### Data to process

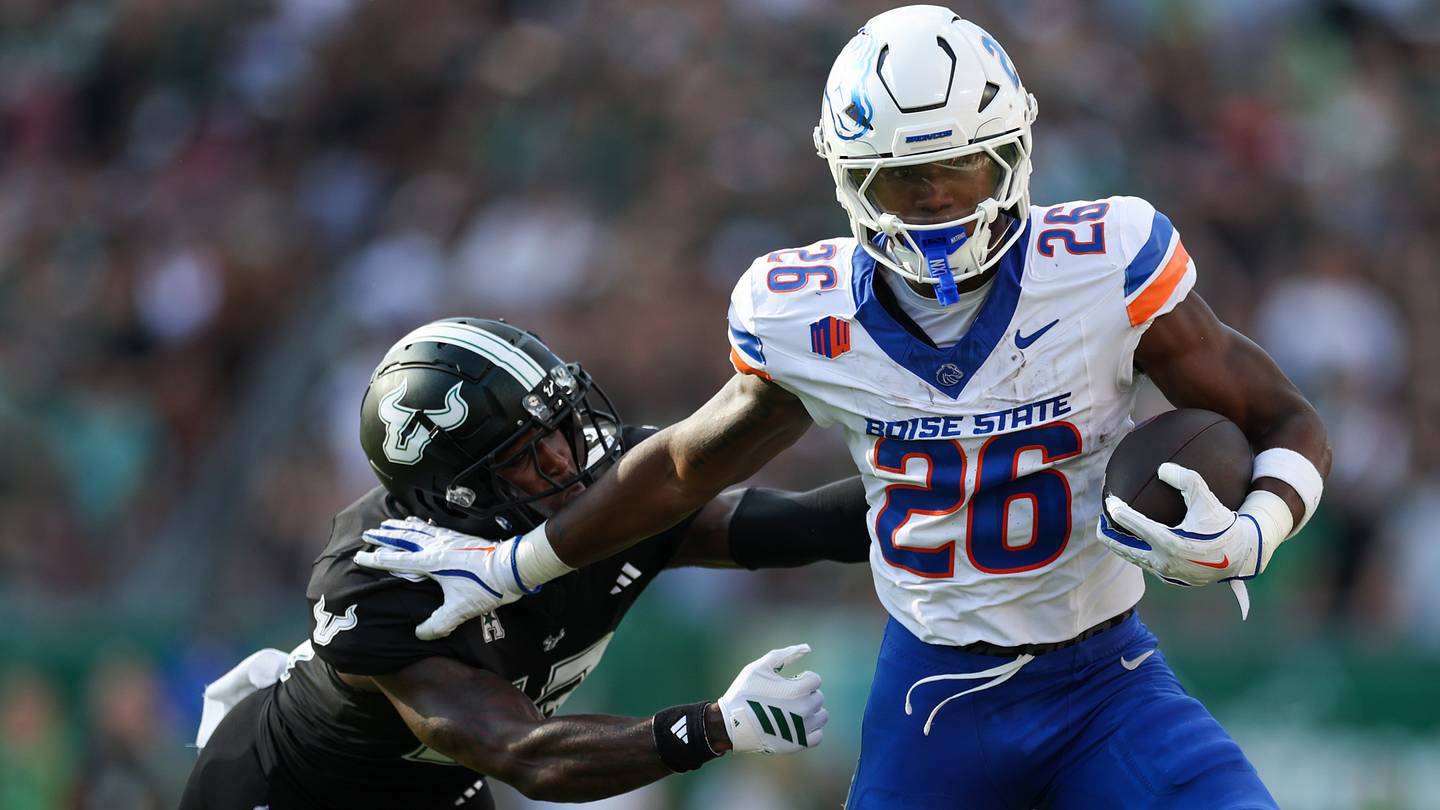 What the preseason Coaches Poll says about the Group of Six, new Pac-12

######
### Data to process

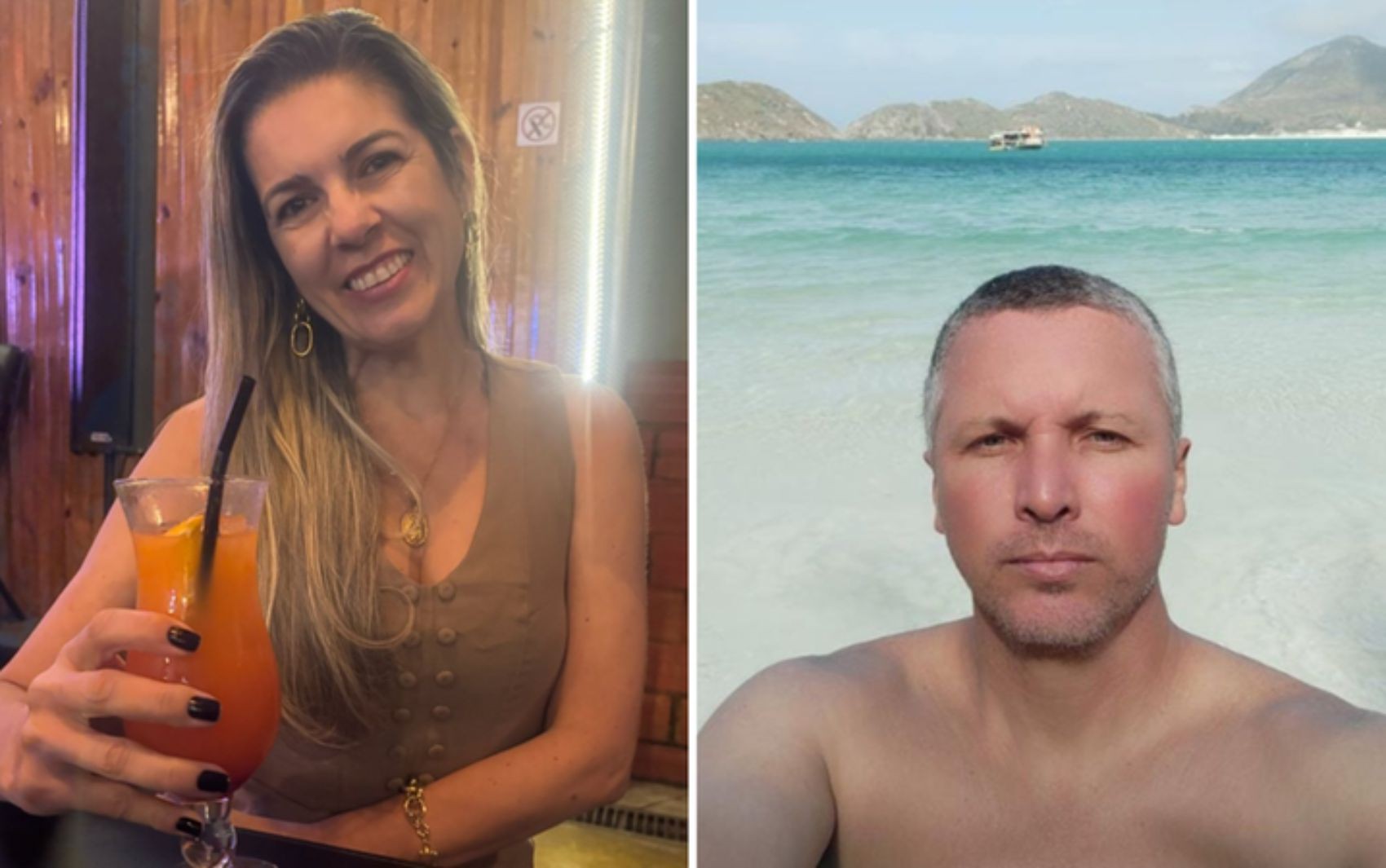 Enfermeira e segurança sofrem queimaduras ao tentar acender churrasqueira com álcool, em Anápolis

######
### Data to process

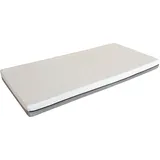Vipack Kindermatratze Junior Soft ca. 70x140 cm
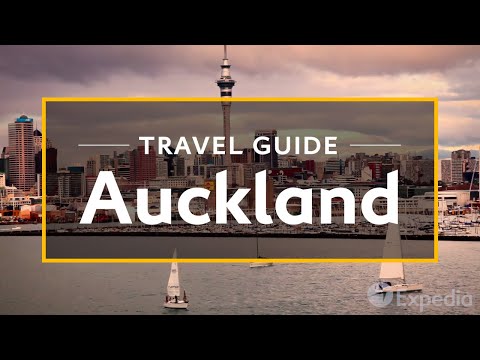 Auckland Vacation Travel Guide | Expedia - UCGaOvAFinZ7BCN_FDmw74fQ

######

What you will do: In the listing above, find the line containing "Vipack Kindermatratze Junior". Output it and every line after it up to and including the line containing "Auckland Vacation Travel", exactly, but skip the pictures.

Task result:
Vipack Kindermatratze Junior Soft ca. 70x140 cm
 Auckland Vacation Travel Guide | Expedia - UCGaOvAFinZ7BCN_FDmw74fQ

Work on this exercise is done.